Our religions have become tame and tepid compared to the animistic and supremely powerful religions of pre-Columbian Mesoamerica, where the Zapotecs worshiped thunder, lightning, earthquakes, and violent storms and sacrificed their own to appease their gods. Our wars have become tame, remote, and surgical. Acts of human will and expressions of pure power are – for the time being – things of the past.
If there is to be an end to war, it will come as a result of minor wars like the one in Ukraine – a war of gross miscalculation on the part of Russia, an unexpected and surprisingly defiant military unanimity of the West, and one which, after years of attrition and destruction will end with a negotiated settlement – a settlement which could have been concluded early on in the conflict before principle got involved.
The continuing war is not really about Ukraine or even Russia for that matter, but for airy concepts like sovereignty, national integrity, democracy, and determined, righteous response. It is these concepts which keep the war machine going, principles which sound right but result in nothing but unnecessary devastation.
Since all-out, fiery blazes of destruction seem to be things of the past; and as much as Pentagon generals may regret their passing, only small, unsatisfying wars will take their place. War has lost its majesty, so why bother to fight?
The war in Ukraine is the kind of war that may make nations think twice about conflict.

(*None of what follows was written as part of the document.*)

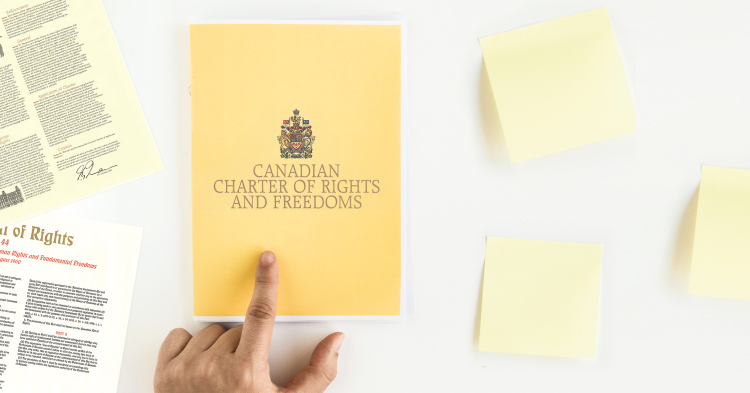 The Language of Empowerment: Engaging ELL Students with the Charter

There is no glory, no pyrotechnics, no godlike destruction. In many ways it is like World War I, a miserable war with millions of miserable deaths open-field slaughters, sure death from Gatling guns, mustard gas, sepsis, or pneumonia. it was a pitiful, horrible war with no glory and only sure, unheralded, grisly death.
In Ukraine, troops fight for the same narrow purchase as doughboys did in France with small advances and retreats, regroupings and renewed assaults. The battles are largely ground maneuvers. There is no air support, no napalm, no carpet bombing. It is a temperate war slowly becoming a nuisance.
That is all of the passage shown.